A three-and-a-half-minute video clip in which vocalist Alissa White-Gluz of Montreal, Quebec, Canada-based melodic death metallers THE AGONIST talks about the band’s just-released third studio album, “Prisoners”, can be seen below.
Alissa has also posted the following message on Facebook:
“Here’s a little insider info just to clarify, since a lot of people don’t understand how the industry now works. We would feel bad divulging this kind of info and shattering the dream, but a lot of metal musicians seem to be doing it nowadays so I think we’re ok to do so as well.

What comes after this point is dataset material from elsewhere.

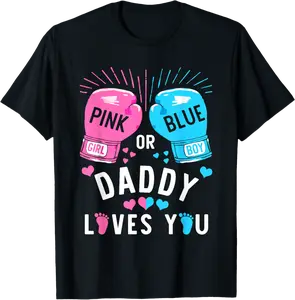 Pink Or Blue Daddy Loves You Boxing Gender Reveal Party T-Shirt - Dayahcolber Shop 29B0DM5TN7DG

“Why are we asking you to buy the album? We don’t see money from album sales. We have never seen a single royalty penny. But, if your band is known to sell a lot of albums, especially in the first week of release, you get more offers for tours, therefore making it more possible to play to more fans.
“Ticket money: As an opener, we do not see any money from ticket sales or have any control over ticket price. As a headliner we rarely see any money from ticket sales as well.
“YouTube: If you think we are making money off of YouTube plays, check out whose channel our videos are on (Hint: It ain’t our channel!) Again, we’ve never seen a penny from YouTube plays.
“Merch/CD sales: To get our albums shipped out to us, we need to pay about $10. We sell them for $15. Venue takes about 15% usually, manager takes 10%. Therefore, we are left with about $1.25 profit per CD. T-shirts, they cost about $10 to create and ship, we sell them for $20; again, you can do the math. So we have a few dollars profit per item sold, but about $200-$300 in gas per show, plus the expense of work visas (about $4000 for the USA), vehicle and trailer leasing, and all the other expenses that go into touring.
“We sleep in the van, don’t eat, don’t get to bathe. We hire no crew. We get maybe $20 or $30 a day to get food or save up to pay rent. We invested years of our lives into this and some had to take time off work to record this album. And this is not just our band. We can safely say that this applies to every opening metal act we have ever toured with.
“Sorry to shatter the rock-star fantasy, but the truth is we all work 9-5 as soon as we get home from tour, if our jobs are gracious enough to allow us to leave and return. Otherwise we scramble to find even the most menial jobs just to cover our bills in between tours.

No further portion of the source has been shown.